BRODIE: So we've heard a lot about some of the high profile people who are involved in this like actresses Felicity Huffman and Lori Loughlin. But in terms of the other people involved do we know anything about who they were or what their circumstances were?
FRY: Oh sure. Yeah. I mean there was a Douglas Hodge. He is a former CEO of a huge Newport Beach company, Pacific Investment Management Company or PIMCO. So he's very well known in the Southern California community. But you know this is really run the gamut. There's a lot of people that this has touched a woman that wrote a parenting book series. Her name is Jane Buckingham. She's alleged to have participated in this as well. What we do know what they all have in common is that they're all, you know, extremely well heeled and could afford to allegedly do this.
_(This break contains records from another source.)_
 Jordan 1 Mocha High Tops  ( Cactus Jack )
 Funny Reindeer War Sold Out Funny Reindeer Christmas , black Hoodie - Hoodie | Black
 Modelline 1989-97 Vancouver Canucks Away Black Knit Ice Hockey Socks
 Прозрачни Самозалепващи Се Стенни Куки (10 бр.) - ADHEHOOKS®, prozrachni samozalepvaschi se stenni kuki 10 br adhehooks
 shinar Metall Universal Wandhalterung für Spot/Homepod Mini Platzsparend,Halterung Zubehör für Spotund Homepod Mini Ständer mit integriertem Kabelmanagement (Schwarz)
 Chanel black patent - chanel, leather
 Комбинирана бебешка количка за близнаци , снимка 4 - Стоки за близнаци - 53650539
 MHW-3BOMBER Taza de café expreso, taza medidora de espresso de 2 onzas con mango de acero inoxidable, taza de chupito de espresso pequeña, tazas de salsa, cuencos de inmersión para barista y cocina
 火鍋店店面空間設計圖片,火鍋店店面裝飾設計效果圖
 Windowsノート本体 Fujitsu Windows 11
BRODIE: So does it seem as though these parents were all just concerned about where their kids would be able to go to college and maybe not being able to get into a school that they wanted to go to?
FRY: Yeah that seems like a common element. And you know I'm sure that that's a common element for most parents as their kids are entering school or trying to get into certain colleges. But according to authorities they took it to another level to guarantee their admission.
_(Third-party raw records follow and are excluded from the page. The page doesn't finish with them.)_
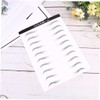 FOMIYES Eyebrow Sticker Set 6D Realistic Waterproof Stencils Long Lasting
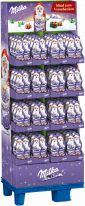 Mondelez Christmas - Milka Weihnachtsmann Alpenmilch 175g, Display, 160pcs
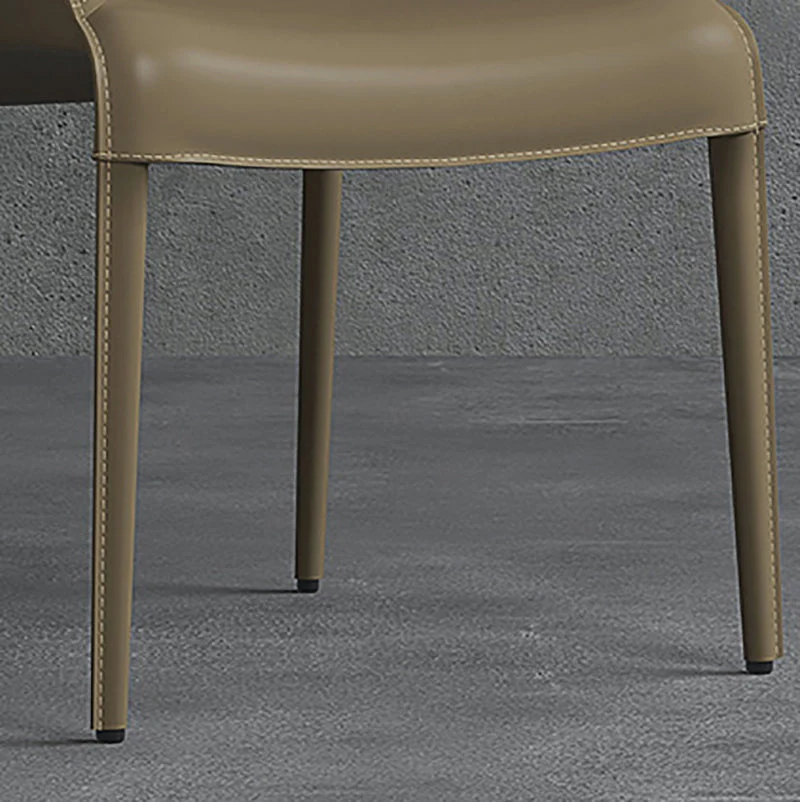 Sedia moderna metallo per interni ed esterni, per sala da pranzo, con schienale solido e bracciolo Clearhalo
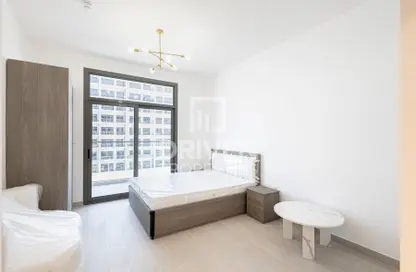 Room / Bedroom image for: Apartment - 1 Bathroom for rent in Laya Heights - Dubai Studio City - Dubai, Image 1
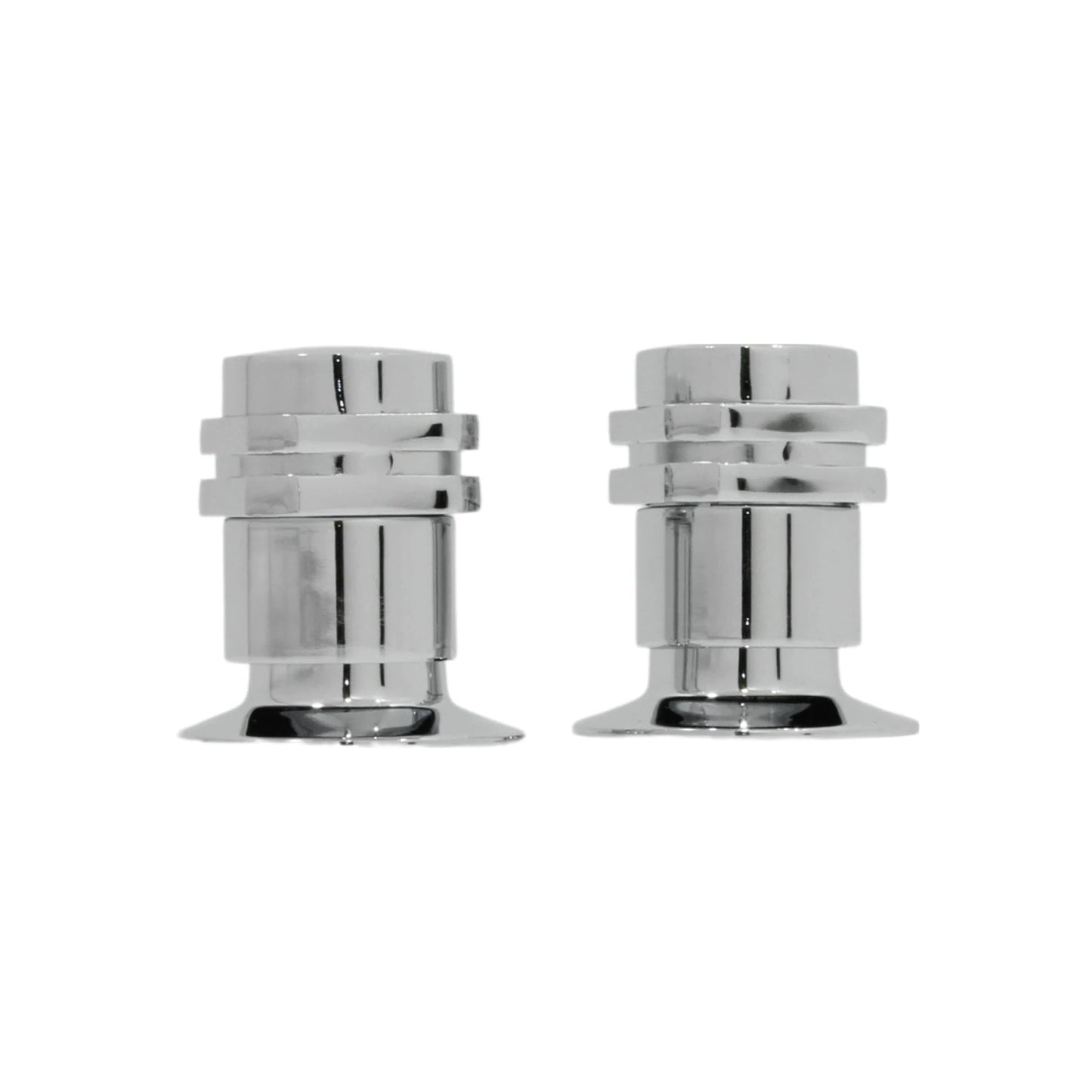 Manerales cromados para regadera, diseño cilíndrico moderno con bandas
BRODIE: So has law enforcement talked about who would actually be prosecuted in these cases like are any of the kids do you think they knew about this and were complicit in any way?
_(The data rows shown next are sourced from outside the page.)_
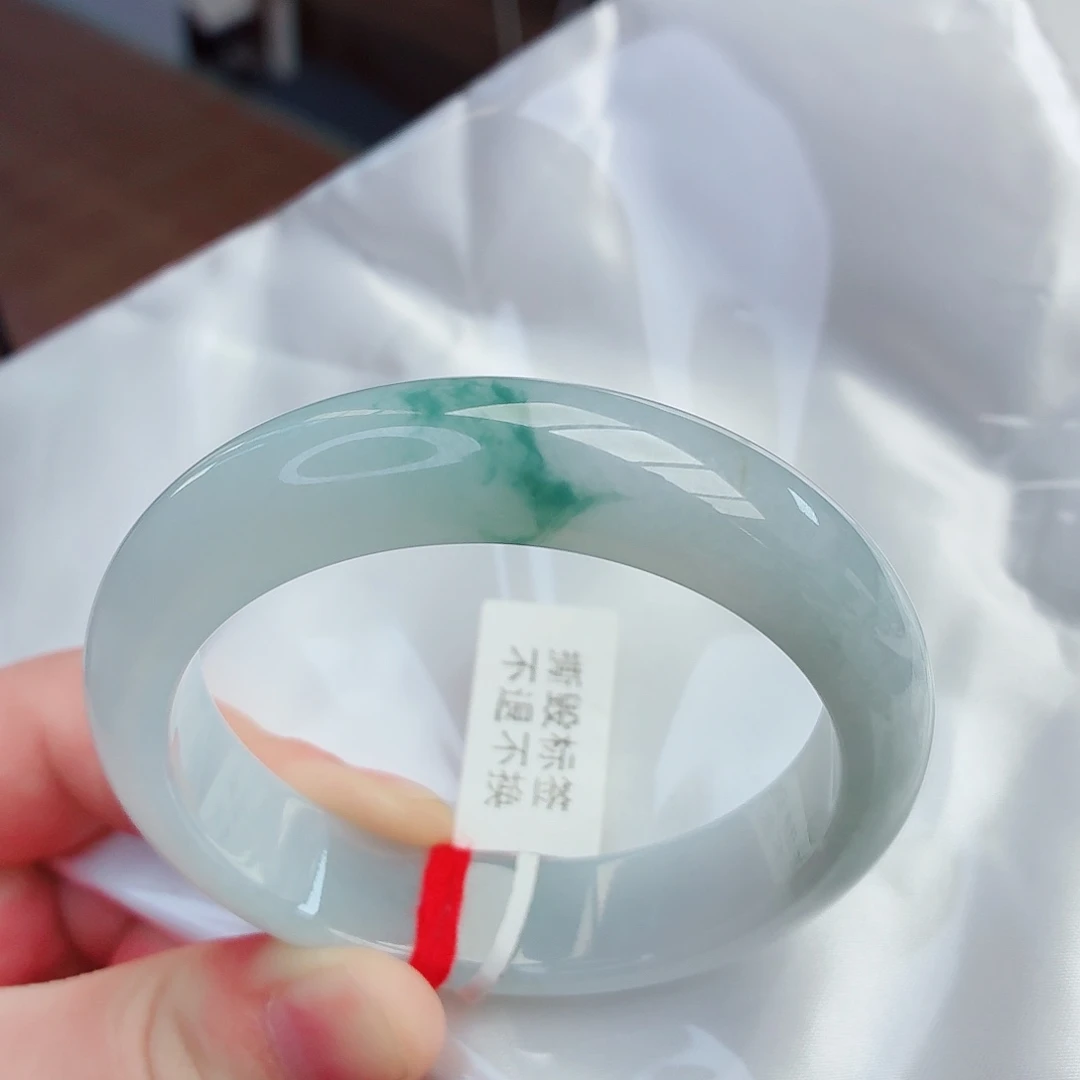 翡翠未镶嵌手镯天然翡翠A货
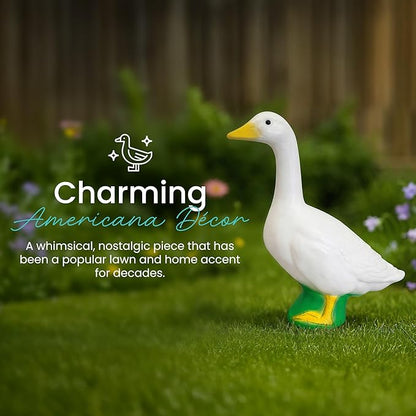 Union Products 2 Pack Goose Outdoor Lawn and Garden Statue, 23" Tall Animal Figurine for Patio, Balcony, or Front Porch Decor, White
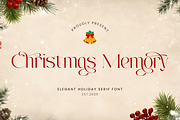 Christmas Memory - Christmas Font, a Serif Font by Umitype (Thumbnail 9 of 9)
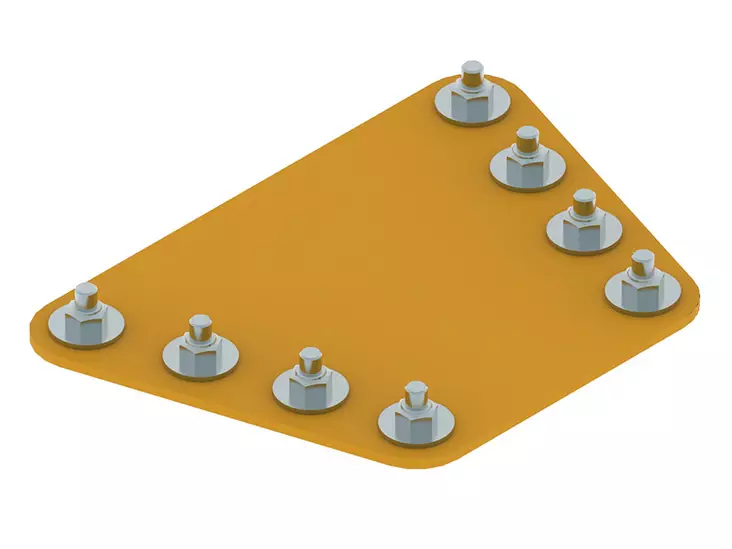 Rubber cover: ( V-Plow G2 1500/1800 ) - ATV plogar och delar - 343420 - 1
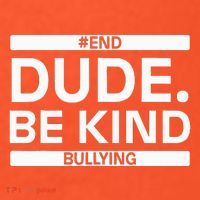 Dude Be KindOrange Unity Day antibullying unity day Sustainable Knit Beanie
FRY: Based on the documents that were filed in court, it looks like some of the children did know what was happening though how much they knew it's not really clear and some of them, you know, were kept in the dark purposefully.
BRODIE: Obviously this is still sort of early going in, all of this breaking, but do we know are these kids going to be allowed to stay in school if you know even though they got in maybe under false pretenses?
FRY: You know that's something that hasn't come out yet. And I'm not really sure about that actually.
BRODIE: And one of the issues that seems to have gained a lot of traction online especially on social media was this idea of maybe some of these kids, who as you referenced come from some amount of money, taking potentially spots in universities from kids who don't come from families with money who maybe were more deserving of those spots. Has there been any discussion sort of in the broader community about that and maybe how schools can try to rectify that situation?
FRY: I think that's going to be a big element of what comes out of this. It has spurred a huge discussion among academia and among a nationwide just the community looking at how colleges can make sure that the process is fair.
BRODIE: Do we know if the schools themselves knew what was going on?
FRY: You know, that's something that's not clear and that's not something that federal officials have alleged at this point. But, based on the documents, it does appear that some members of the universities didn't know coaches athletic directors, etc.
BRODIE: So might just be a question of like how far up the food chain that kind of information went?
FRY: Exactly. And you know like I said authorities have said this investigation is still continuing. So I think that more will come out eventually.
BRODIE: All right. That's Hannah Frye a reporter for The L.A. Times. Hannah good to talk to you, thank you.
FRY: Great talking with you. Thanks so much.